Gast
Ein Gast (Mehrzahl Gäste) ist allgemein eine zum vorübergehenden Bleiben eingeladene oder willkommene Person, die einen Besuch macht oder ihren Urlaub verbringt. Ursprünglich bedeutete Gast „Fremdling“, wie auch verwandte Bezeichnungen in anderen germanischen Sprachen. Während einerseits Fremden Gastrecht zu gewähren war bis hin zu einer Gastfreundschaft, galt es andererseits vorsichtig zu sein, denn Fremde konnten feindliche Absichten hegen. In der Regel hält sich ein Gast immer nur für eine begrenzte Zeit beim Gastgeber auf. Die grammatisch männliche Personenbezeichnung Gast bezeichnet eine Person unabhängig von ihrem Geschlecht: Gäste sind willkommen!

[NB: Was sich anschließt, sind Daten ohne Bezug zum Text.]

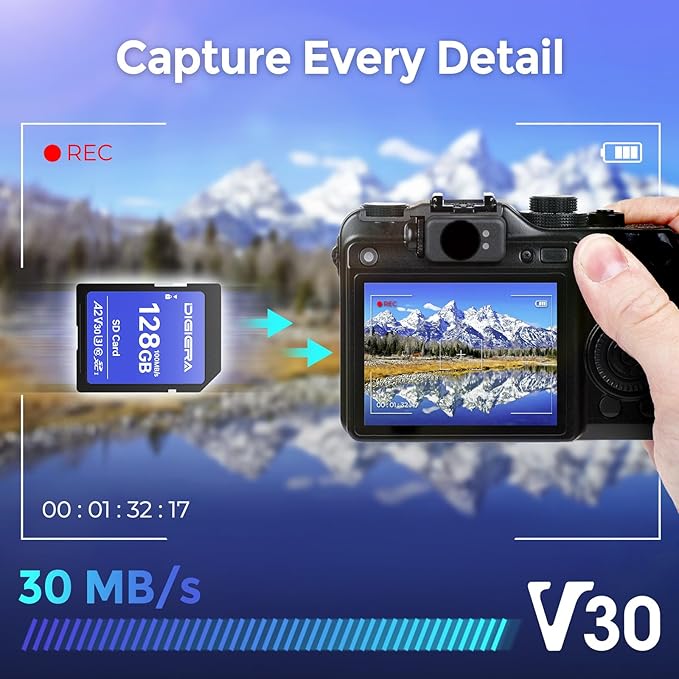 128GB CS100 SDXC UHS-I Memory Card - up to 100MB/s, C10, U3, V30, 4K UHD, SD Card for Computers, Digital Cameras, Home Theatre Devices, Car Navigation Systems (2 Pack)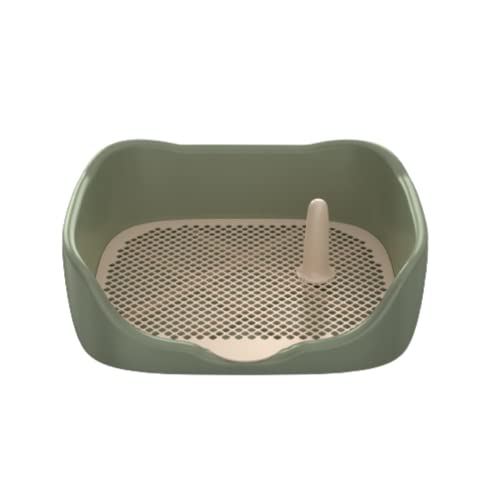 NA Inodoro para Mascotas, urinario automático, Lavabo de Arena, Orinal, antiestomacal, sin pies húmedos, Adecuado para Mascotas Grandes y pequeñas, fácil de Limpiar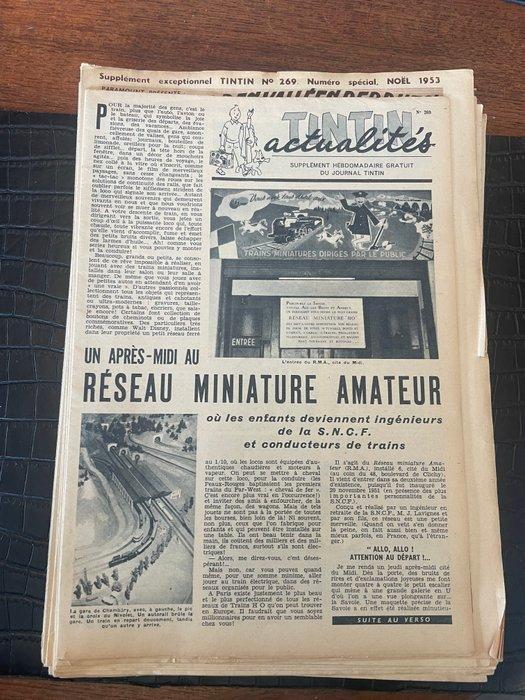 Tintin (magazine) - Tintin Actualités - 34 kranten - Eerste, Boeken, Stripverhalen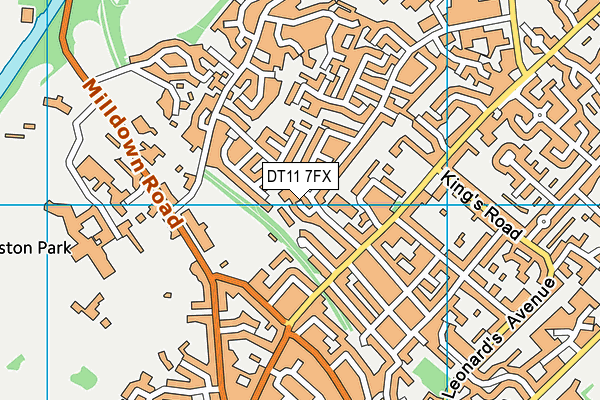 DT11 7FX map - OS VectorMap District (Ordnance Survey) DT11 7FX map - OS VectorMap District (Ordnance Survey)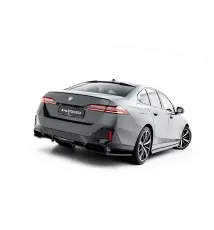 Arriere Splitter (avec une barre verticale) V.2 BMW 5 / i5 M-Pack Sedan / Touring G60 / G61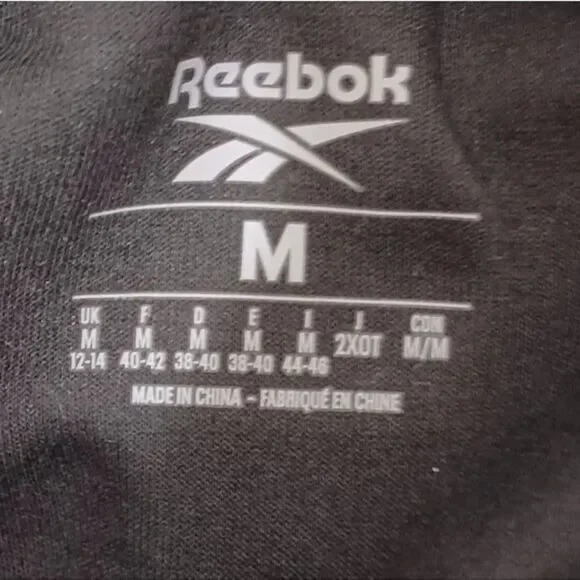 Reebok black cropped length drawstring hoodie - Picture 5 of 7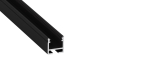 Lumines profile type FLEXA lacquered black, 3 m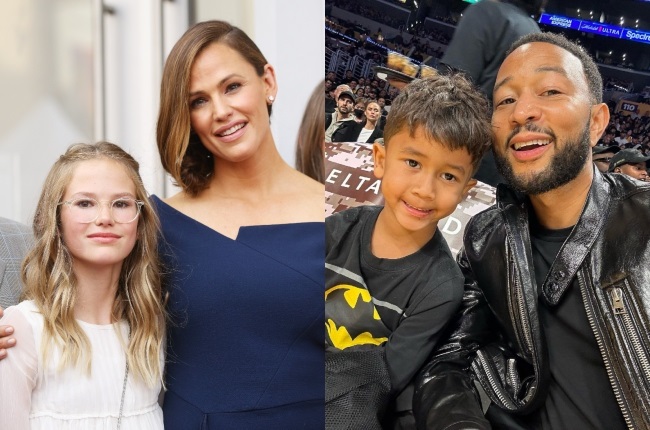 Jennifer Garner and her daughter Violet and John Legend and his son Miles clearly show their parents' genetics. (PHOTO: Gallo Images/Getty Images/Instagram/Johnlegend)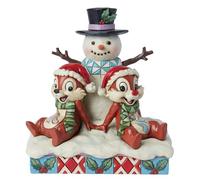Enesco Jim Shore Chip & Dale Snowman Figurine
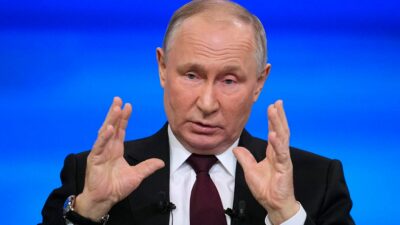 Russlands Präsident Wladimir Putin führt seit fast 22 Monaten Krieg gegen die Ukraine.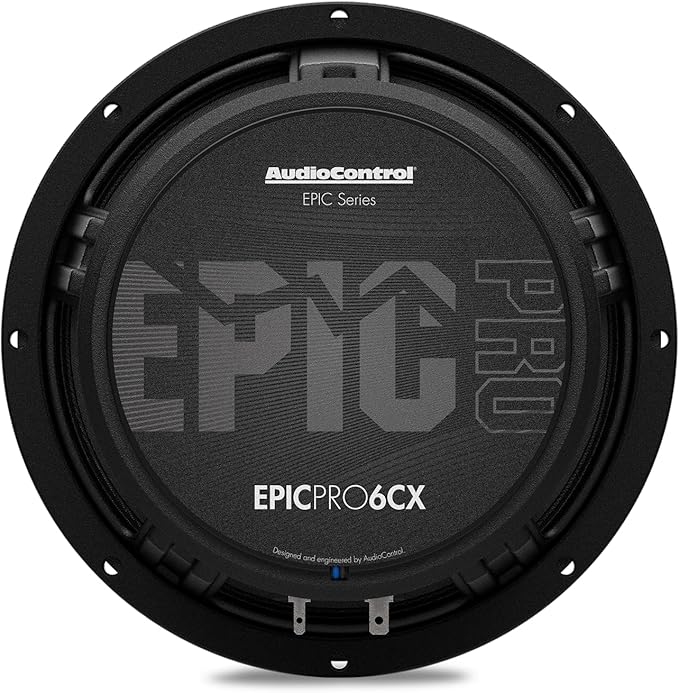 AudioControl EPICPRO6CX Epic PRO 6.5” Coaxial Car Speakers Set (Pair), 300W Max, 4 Ohm, Rear or Front Door Speakers for Truck or Car Audio System, Pro Audio High SPL Full Range Speakers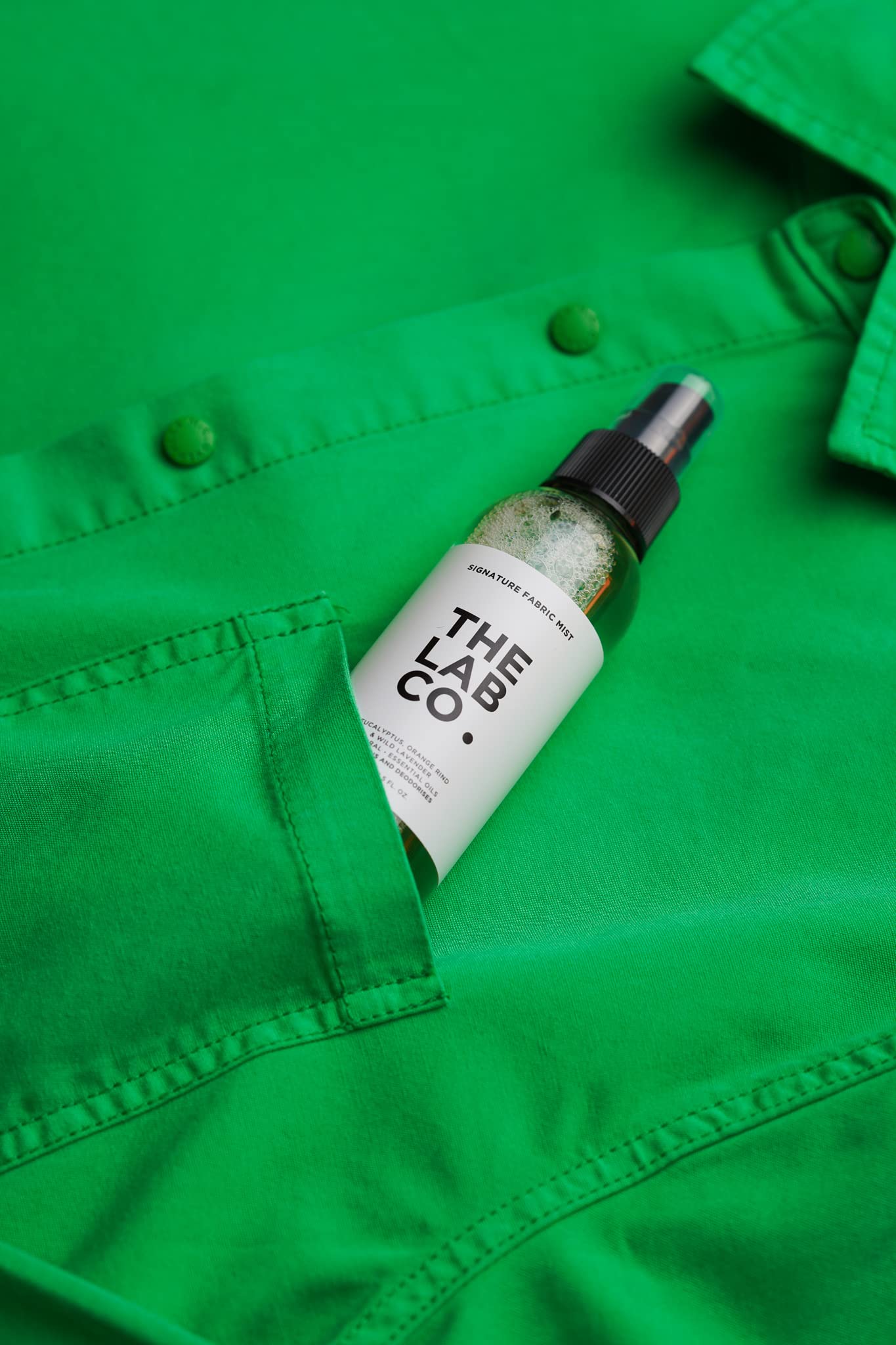 The Lab Co. Signature Laundry Mist Spray 150ml. With Lavender, Eucalyptus And Orange Rind. Freshener, Deodoriser and Reviver For Clothes and Fabrics. - Damaged Box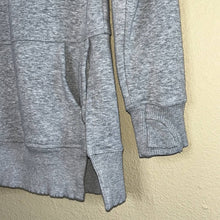 Load image into Gallery viewer, Youth Medium Athleta Girls Kids Gray Crazy Cozy Tunic Sweatshirt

Seit Jahrhunderten findet sich aber stellenweise auch die weibliche Form Gästin.
Wortherkunft
Zur Etymologie des Wortes Gast gibt der Duden an: „ursprünglich Fremdling“.[1] Mit dieser Bedeutung findet sich gast bereits im Althoch- und Mittelhochdeutschen sowie im Altsächsischen, gasts im Gotischen, altnordisch gestr, altenglisch giest und altfriesisch jest, in slawischen (kirchenslawisch gostĭ) sowie in romanischen Sprachen (lateinisch hostis, hospes).[2]
Das Frühneuhochdeutsche Wörterbuch erklärt den gast als „Fremder, Auswärtiger, Zugereister“ und findet für das Jahr 1481 auch die Wortbildung gastbrot als „Brot für Fremde“,[3] verzeichnet aber als weitere Bedeutung von gast: „j., der von einem Gastgeber, Wirt beherbergt, bewirtet wird; Eingeladener, Besucher“.[4]
Moderne Verwendung
Als Gast gilt heute auch eine Person, die unentgeltlich oder gegen Entgelt beherbergt, bewirtet oder befördert wird (siehe Fahrgast).[1] Im Gastgewerbe sind typische Beherbergungsunternehmen Gasthäuser, Herbergen, Hotels und Pensionen. Auch die Besucher von anderen Gastronomiebetrieben werden Gäste genannt.
Bei Auftritten und Konzerten, in Talk- oder Spielshows werden eingeladene Künstler als Gast vorgestellt.[2] In Filmen und fiktiven Werken bezeichnet ein Gastauftritt oder englisch Cameo das überraschende, zeitlich kurze Auftreten einer bekannten Person.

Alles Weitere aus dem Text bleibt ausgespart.